I wrote an online ecotourism column for
The Ecotourism Observer and sent queries to travel magazines. My first magazine article was a piece about South Padre Island, Texas, in MotorHome magazine. After writing a few more articles (for MotorHome, RV Journal, and Route 66 Magazine), I started updating travel guides for Insight Guides. Eventually, I started working for Avalon Travel until I finally had the chance to write my own guide. Since then, I've written the first edition of Moon Baja RV Camping and the third edition of Moon Michigan, joined the Society of American Travel Writers, and started work on the first edition of Moon Florida Keys.


When I'm not doing the travel thing, keeping up with my blogs, beta-reading my friends' novels, or helping my husband with our two film festivals, I try to squeeze in time to work on my current novel - which is technically my second one (the first being the one I started in England). After working on it, I finally thought it was ready for the querying stage this past spring, but the invaluable beta-reading process taught me otherwise. So as soon as I've finished my latest travel guide, I'll be hard at work on the revision. In the meantime, I'll keep learning what I can from the ever-informative blogosphere.




R&T:  How far along on the WIP trail are you, what's it about, and what comes next?


LM: 
My work-in-progress is actually done, but it's way too long at the moment. So I'm in the midst of the revision process. During the summer, I summoned the aid of several different beta readers to help me see what I clearly cannot…which characters, scenes, and other tidbits are simply not necessary.

The WIP is tentatively called
Hollow Souls. The premise is pretty simple: A woman longs to return to her childhood home, a secret underground village in southern Kentucky, where her first love lives, but she's reluctant to abandon her husband and daughters back in New Orleans.

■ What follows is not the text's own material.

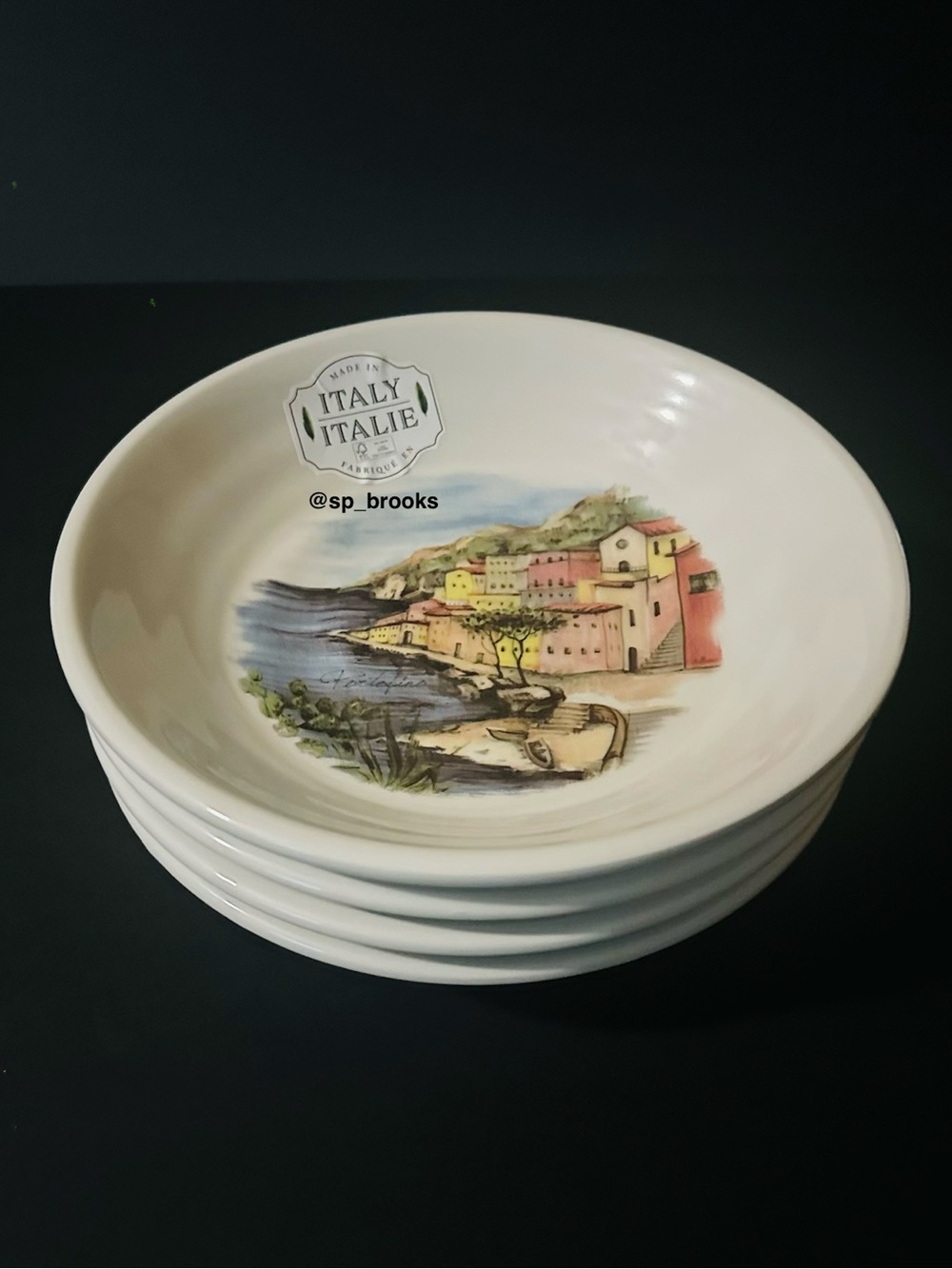 🎁4PC Ceramica Cuore Ceramic Bowls 9” Handmade Italian PORTOFINO Bowls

Once I'm finished with what I hope will be the final revision of
Hollow Souls, I plan to query potential agents. And while I'm querying, I intend to work on my second novel, the coming-of-age, road-trip tale titled Red Road Crossing that I started in England.

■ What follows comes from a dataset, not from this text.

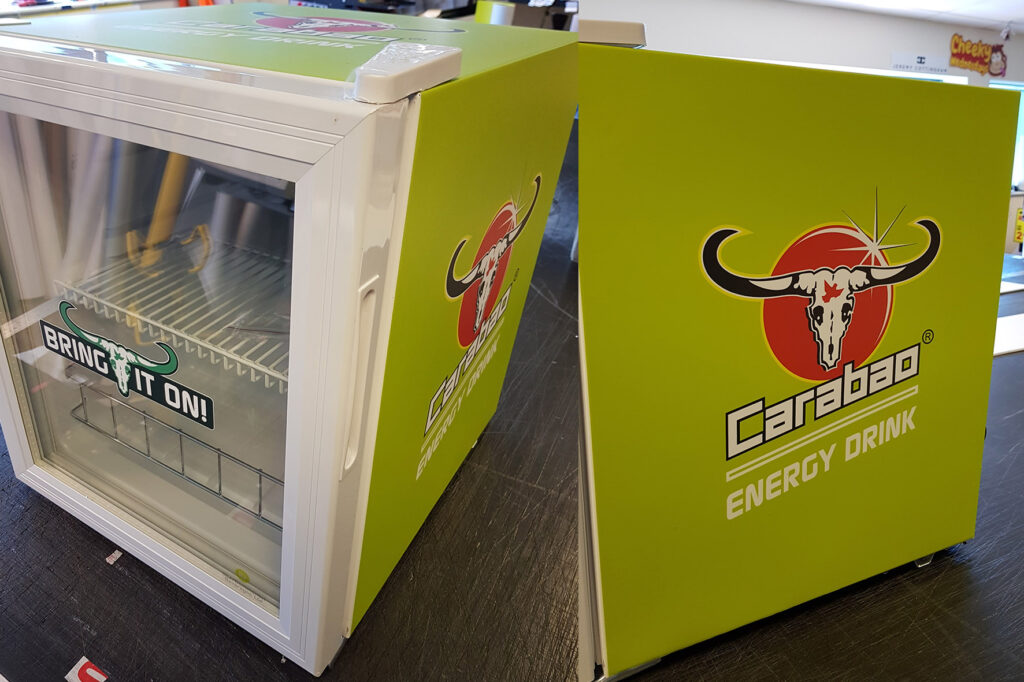 Fridge wrapped in vinyl for Carabao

R&T:  Do you find it hard to build your blog and author platform while writing and thinking about the next step -- querying?


LM: 
Most writers have to juggle multiple tasks these days. Besides family, friends, hobbies, perhaps a day job, maybe even classes, and of course, the works-in-progress, there's now the added pressure of building an author platform before, during, and after a book is published. Like others I know, I definitely find it challenging to squeeze so much into a single day. For several years, I locked myself away (so to speak) and focused on my fiction writing - when I wasn't working a full-time job or spending quality time with the hubby. Earlier this year, I finally decided to come out of hiding and explore the big, bad world of publishing—and goodness, I was in for a shock. Although I'd already created a temporary website for my novel, I had yet to take the blogging plunge. Now, however, in addition to my "real" work as a travel guidebook author and film festival co-director, I'm juggling four blogs - one about my novel, one about travel, one that gets the creative juices flowing, and one about all of that and more.

Here's the funny part, though: I haven't found it hard to build my blog and author platform while writing and querying. I've found it hard to write and query while I'm building my blog and author platform. In other words, I'm having so much fun blogging that I'm finding it difficult to work on my revision - which is obviously a necessary step before querying. I've found the blogosphere incredibly rewarding. I've met so many wonderfully generous writers—some of whom have even been willing to help me with my novel—and I've learned so much about the craft of writing and the state of publishing. I know that I'll soon have to minimize my blogging activity—a fact that honestly makes me a little sad.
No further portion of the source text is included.